▶ _Problem to solve_: The answer should hold exactly the lines of the entries below from the one containing "У Києві оголосили" through the last line, both included.

▶ _Extracted data_:

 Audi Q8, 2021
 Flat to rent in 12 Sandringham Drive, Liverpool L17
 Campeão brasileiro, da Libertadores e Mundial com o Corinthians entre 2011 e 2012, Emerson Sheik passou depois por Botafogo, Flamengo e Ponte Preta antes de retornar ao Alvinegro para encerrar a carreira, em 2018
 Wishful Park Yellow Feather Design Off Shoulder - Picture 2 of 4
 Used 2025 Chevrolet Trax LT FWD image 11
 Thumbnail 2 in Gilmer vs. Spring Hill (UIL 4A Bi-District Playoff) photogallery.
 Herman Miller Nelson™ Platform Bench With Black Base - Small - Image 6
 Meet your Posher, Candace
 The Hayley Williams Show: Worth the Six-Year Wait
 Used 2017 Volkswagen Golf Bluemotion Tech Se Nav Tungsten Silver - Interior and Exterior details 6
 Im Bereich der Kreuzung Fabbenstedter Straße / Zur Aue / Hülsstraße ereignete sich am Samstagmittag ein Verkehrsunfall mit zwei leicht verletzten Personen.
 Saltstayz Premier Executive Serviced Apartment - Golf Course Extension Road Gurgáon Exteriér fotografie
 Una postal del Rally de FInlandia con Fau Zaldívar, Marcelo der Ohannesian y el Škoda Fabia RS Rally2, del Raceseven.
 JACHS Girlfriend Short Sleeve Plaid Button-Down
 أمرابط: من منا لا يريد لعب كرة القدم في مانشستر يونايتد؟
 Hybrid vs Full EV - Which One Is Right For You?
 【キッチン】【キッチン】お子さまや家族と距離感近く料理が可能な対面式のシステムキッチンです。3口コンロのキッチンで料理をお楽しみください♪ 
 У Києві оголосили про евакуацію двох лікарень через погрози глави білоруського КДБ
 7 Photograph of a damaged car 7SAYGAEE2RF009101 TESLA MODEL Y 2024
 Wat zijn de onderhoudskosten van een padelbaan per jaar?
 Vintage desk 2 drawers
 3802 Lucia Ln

▶ _Written solution_:
 У Києві оголосили про евакуацію двох лікарень через погрози глави білоруського КДБ
 7 Photograph of a damaged car 7SAYGAEE2RF009101 TESLA MODEL Y 2024
 Wat zijn de onderhoudskosten van een padelbaan per jaar?
 Vintage desk 2 drawers
 3802 Lucia Ln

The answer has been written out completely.